SEAS has a dual function

The SEAS station is an outstanding source of data for French Guiana and the territories within the image acquisition zone. The IRD and its partners have several objectives:

-       To provide tools for research, for local authorities, and for innovative companies

-       To develop high-quality teaching in remote sensing at the Guianese University Complex (Pôle Universitaire Guyanais, or PUG).

Regional and international scientific cooperation

Professor Fotsing stresses that “French Guiana is the only region in the world where the research community, the authorities, and people working in industry have access to free data”.
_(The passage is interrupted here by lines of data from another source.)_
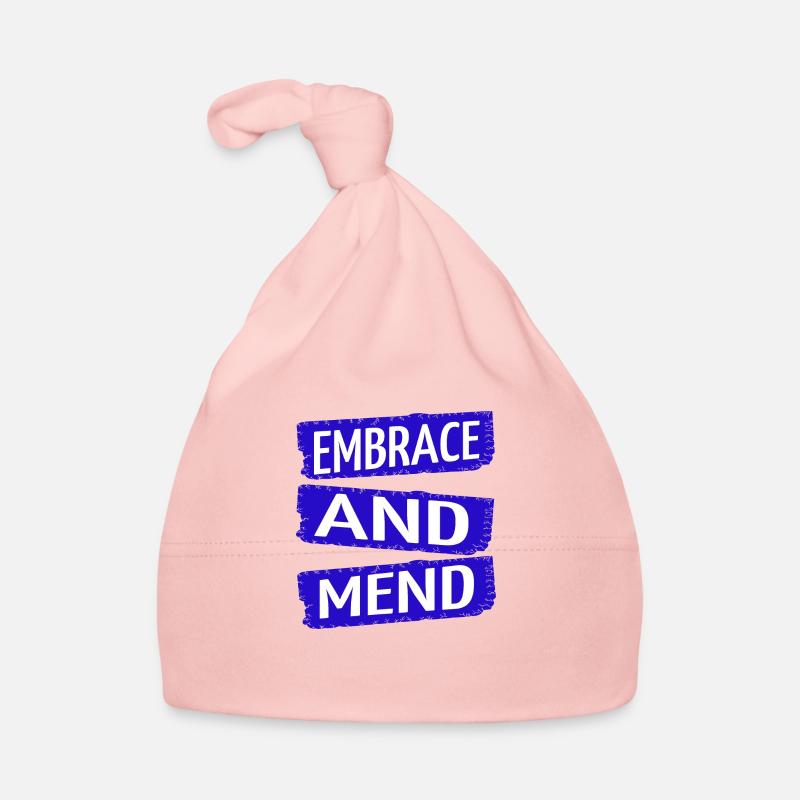 receiving support present idea Organic Baby Cap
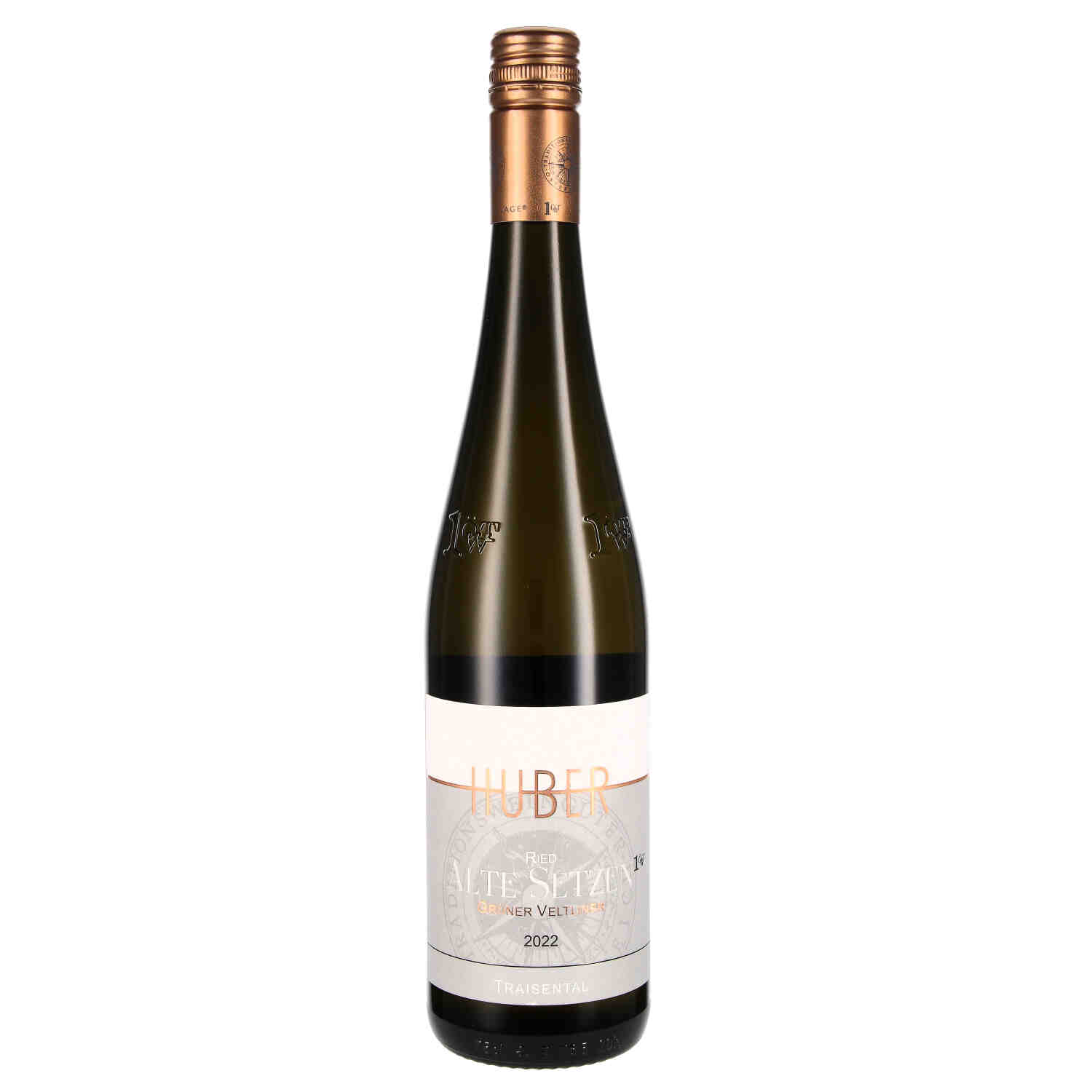 Grüner Veltliner Alte Setzen Erste Lage ÖTW 2022Traisental D.A.C. (bio)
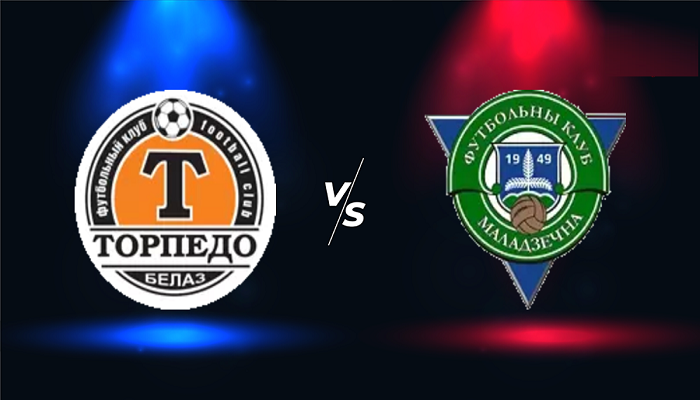 Soi kèo tài xỉu, phạt góc trận Torpedo Zhodino vs Molodechno, 20h30 ngày 04/07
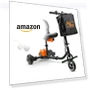 Превью Foldable 3-Wheel Mobility Scooter for Adults - 13 Mile Range, Airline Travel Friendly — Mobility Scooters, SuperHandy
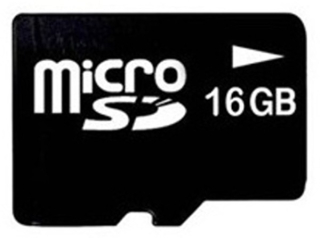 MicroSD karta 16GB - microSDHC Class 10 16GB PCMK16G - Pamäťová karta, Class 10, 16GB, adaptér zadarmo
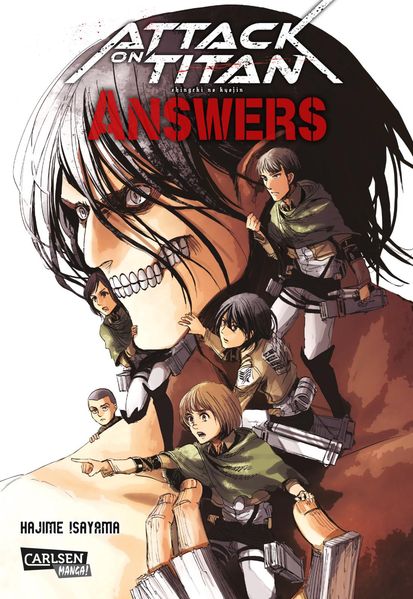 Cover von Attack on Titan – Before the Fall 9
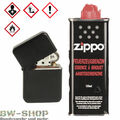 US STURMFEUERZEUG / ZIPPO BENZIN & GAS FEUERZEUGBENZIN ARMY BW OUTDOOR FEUERZEUG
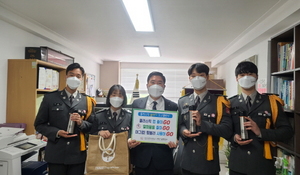 [NSP PHOTO]대구과학대 국방기술행정과 유근환 교수, 탈 플라스틱 실천운동 고고 챌린지 동참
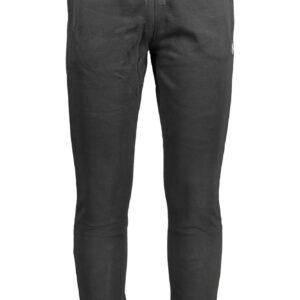 US POLO ASSN. SCHWARZE HERRENHOSEN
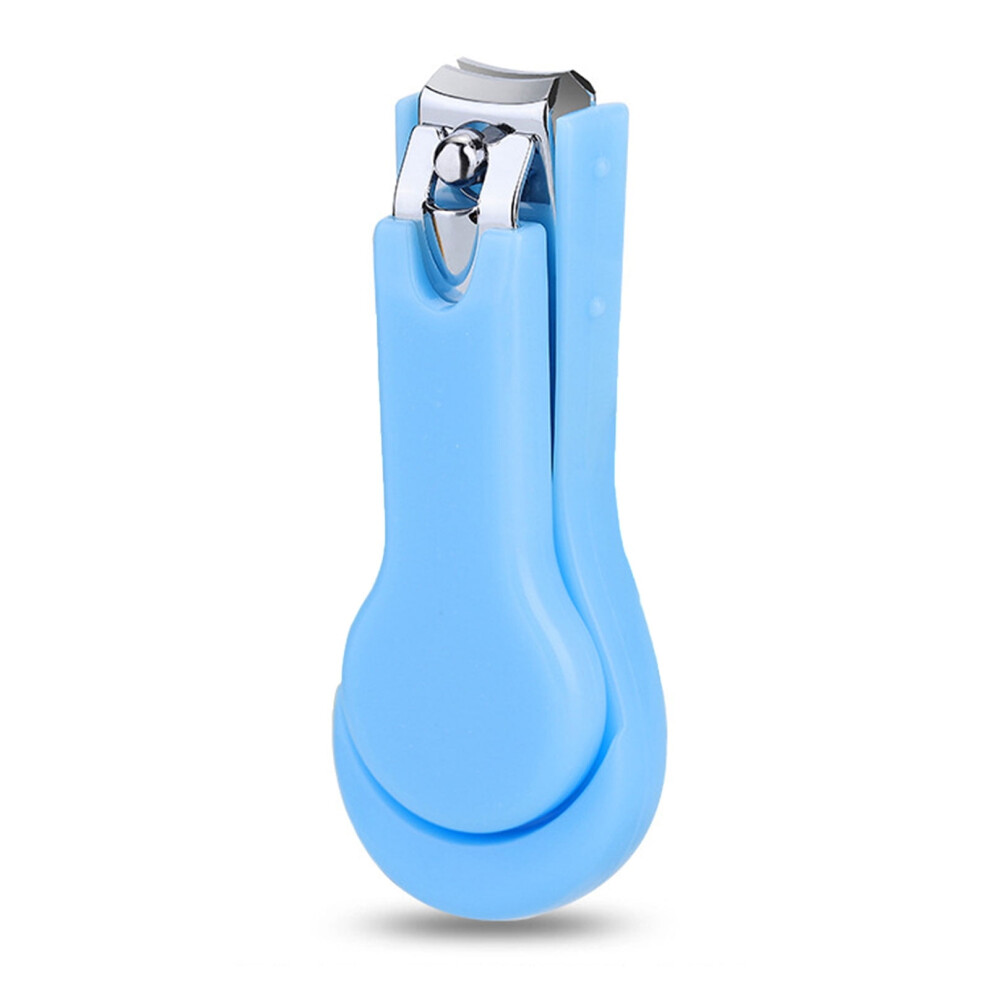 Children Nail Clippers Drop Shaped Baby Nail Cutters Kids Manicure Pedicure Tool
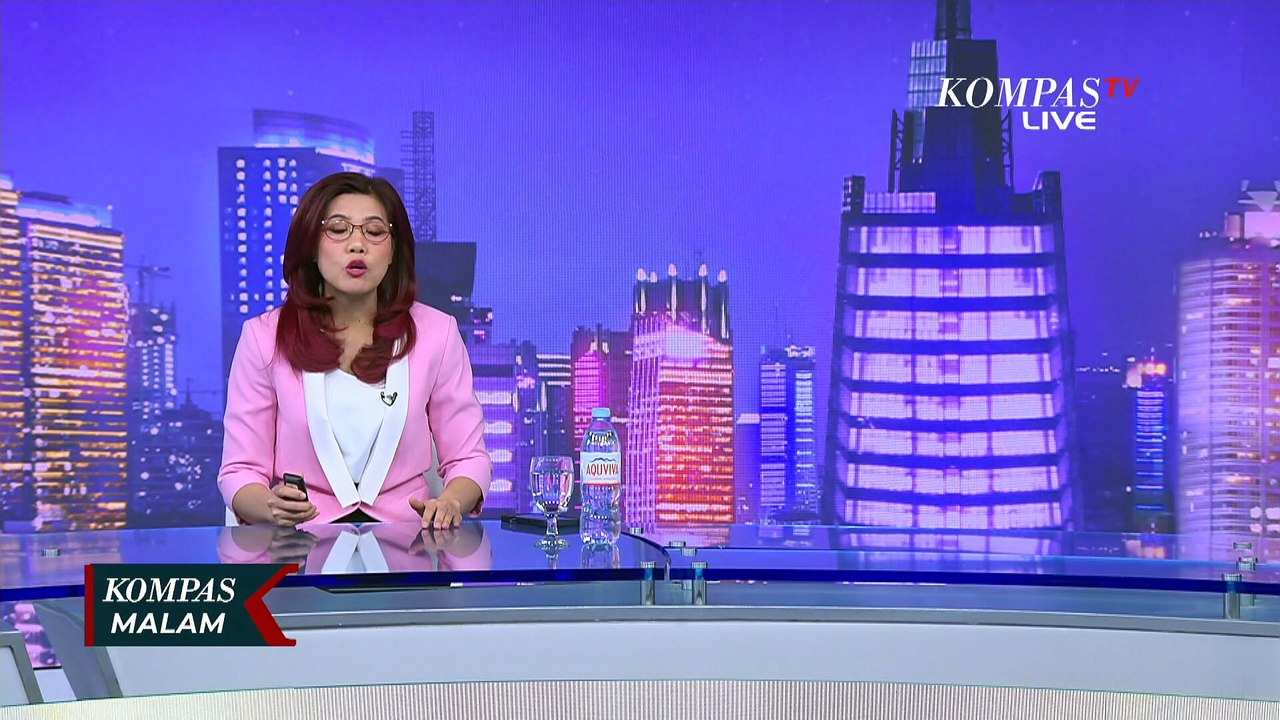 Kondisi Makassar Pulih Usai Demo Ricuh, Pangdam Hasanuddin: 3 Tewas, 15 Masih Dirawat | KOMPAS MALAM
An executive committee examines requests and decides whether or not to release a satellite image on the basis of precise criteria. Will the project be of interest for the development of French Guiana? Is the scientific project based on sound premises? 702 images captured by SPOT were released in response to users’ needs in 2006.
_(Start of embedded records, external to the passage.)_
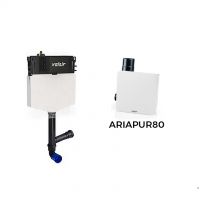 Valsir Ariapur80 con cassetta Tropea S modello meccanico VS0858312 Murare S84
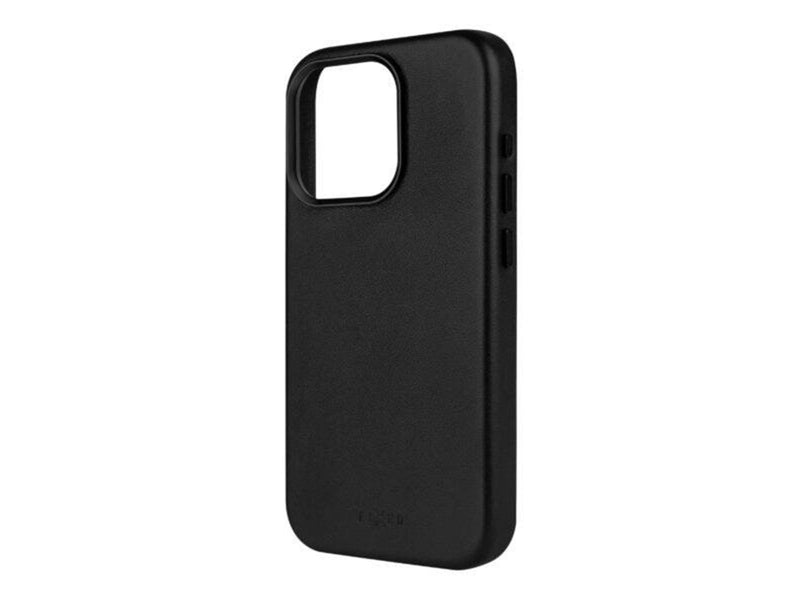 FIXED MagLeather case for iPhone 16 Pro Max - Black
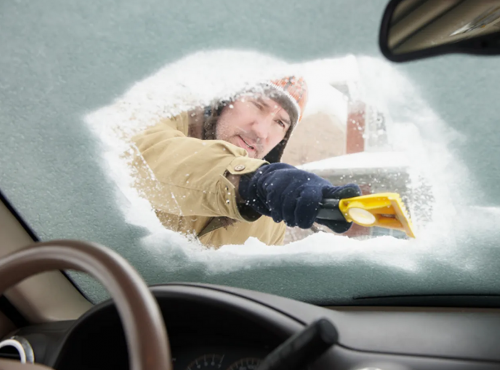 Nos conseils pour bien préparer sa voiture pour l’hiver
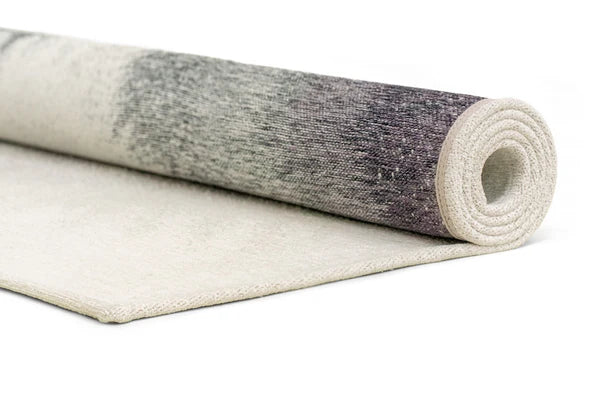 Purple Smoke Rug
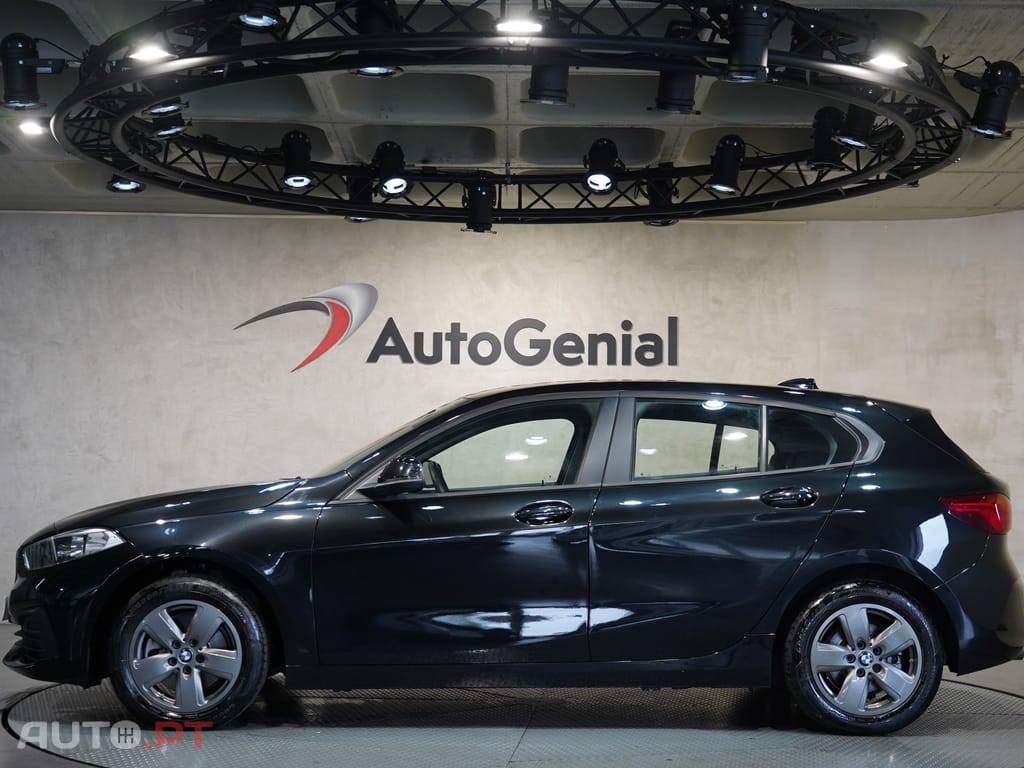 BMW 116 d Advantage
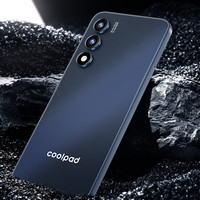 酷派 COOL50Lite 八核长续航 深空黑 8GB+256GB 智能手机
Remote sensing has many applications of differing sorts. SEAS-Guyane acts as an observatory for water resources, territorial dynamics, and biodiversity.

A few examples of projects show that a satellite image is a very useful tool in decision-making. In 2006 the Regional Directorate for the Environment (DIREN, Direction Régionale de l’Environnement) used satellite images to determine exactly where the inhabited zones were within the planned parameter of the Amazonian Park. The Region also used SPOT images to modify the broad lines of its Regional Planning Scheme (Schéma d’Aménagement Régional).

The activities of innovative companies such as Nev@ntropic make it possible to use these images to track hydrocarbon pollution or deforestation.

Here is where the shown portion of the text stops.